The Datastore Traffic Analysis dashboard can be used to dive into the I/O for the datastore and all contained VMs as shown in the screenshot below.
Again, this dashboard leverages the powerful in-context data available in Veeam MP for VMware. Only the VMs which use this datastore are shown in the lower performance chart.
In this chart it can be seen that the disk traffic for one particular VM recently rose sharply. The increase in I/O tracks the timestamp of the latency alert, and indicates that high traffic is overloading the datastore and this VM is the cause.
Review of all open Alerts in the upper right-hand pane can also provide guidance as to whether this issue is isolated to the parent object (datastore), or also affects some or all contained objects (VMs). In this case, the suspect VM is also generating disk space alerts. This certainly indicates that some process is using the disk.

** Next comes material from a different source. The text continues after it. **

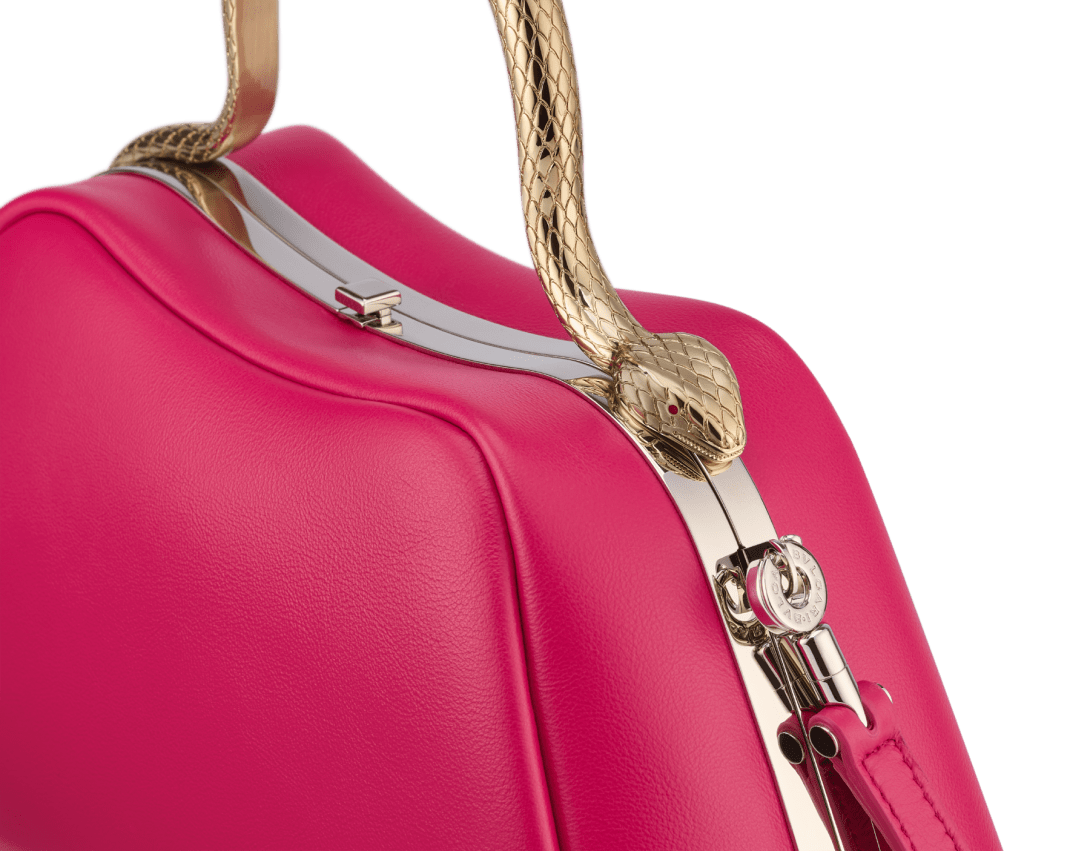 Serpentine Top Handle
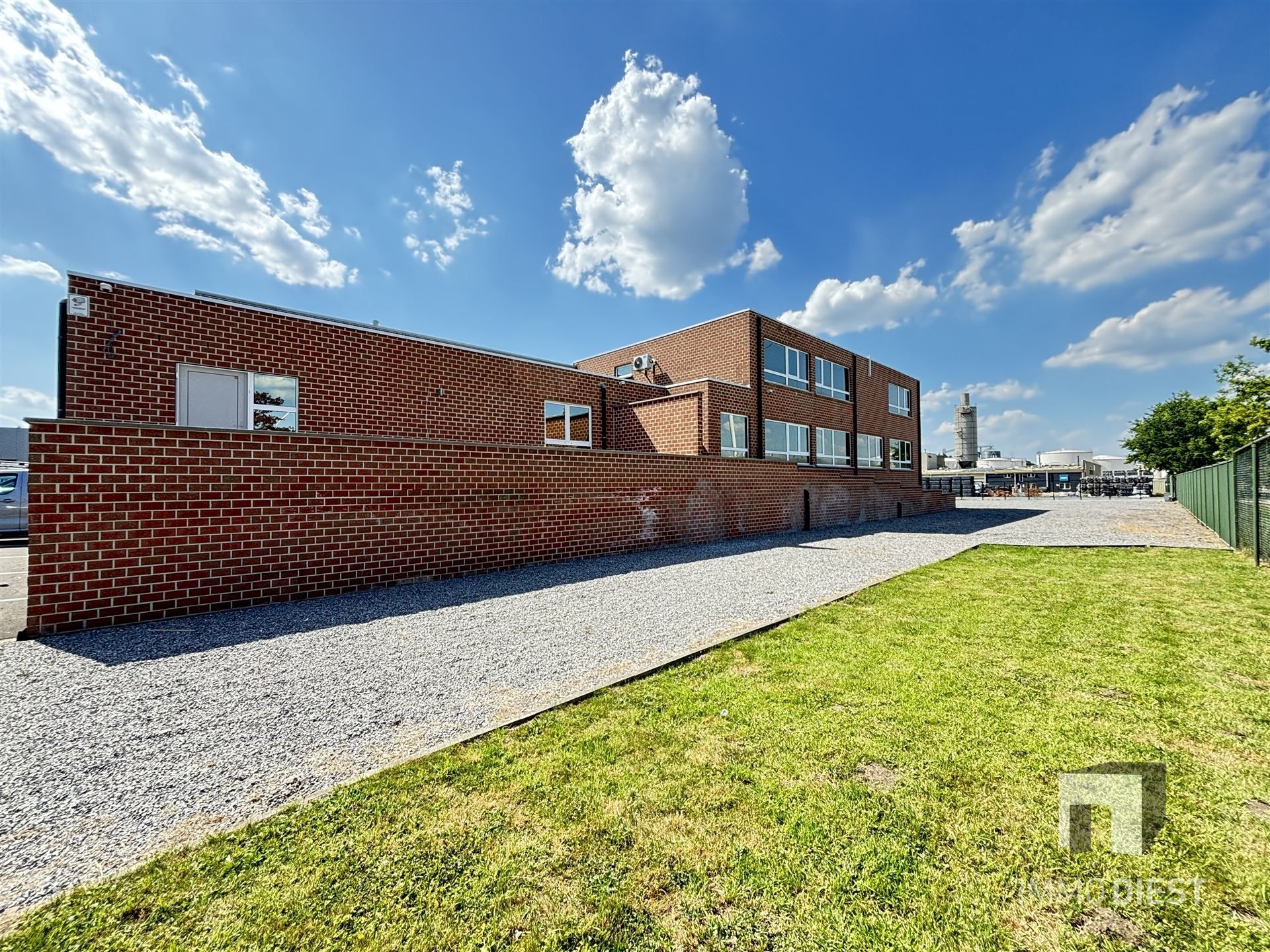 Gerenoveerd bedrijfsgebouw gelegen op het industrieterrein van Tessenderlo-Ham foto 38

By selecting the VM itself in the lower pane performance chart, further drill-down dashboards become available in the context of Virtual Machine. The VM Storage I/O Analysis dashboard can be seen in the screenshot below.
This dashboard confirms the sudden increase in disk traffic both in KB/s (upper chart) and in IOPS (lower chart).
The metric outstandingIOs shows storage commands which are queued for processing, and the increase in this value is an indicator that the storage is being saturated by the disk traffic from this VM.
The metric % Disk Time is also rising sharply — this is one of the metrics gathered by Veeam MP for VMware from inside the virtualized OS, using OpsMgr agent (if present) to provide further guidance on the in-guest perspective of resource usage.
Having used dashboarding to isolate the root cause to this particular VM, troubleshooting can drill in to more granular data. By selecting the VM (for example in the above dashboard) and clicking Performance View in the Navigation pane, the full set of Veeam MP for VMware metrics will be available as shown below.
This view will present all available metrics from Veeam MP for VMware, on all aspects of VM performance. By sorting the chart column for ‘Object’, the view can be scoped to VMGuest-disk. This includes disk metrics for latency, traffic, failed commands and outstanding I/O for this VM.
This view, will all metrics available in a single-pane, allows for detailed analysis of the performance and resource usage for this VM over time. It confirms that high disk traffic recently commenced in this VM causing saturation of the backend vSphere storage, thus impacting overall latency (and impacting all VMs).
Even though the resource bottleneck was in the backend storage, the root cause was a runaway VM process (in this case, IOMeter was used to force high disk I/O in this VM). If troubleshooting had focused on the storage backend, time would have been wasted. However note that Veeam MP for VMware, with the use of in-context dashboards, guided troubleshooting in the correct direction and allowed the root cause to be analyzed faster.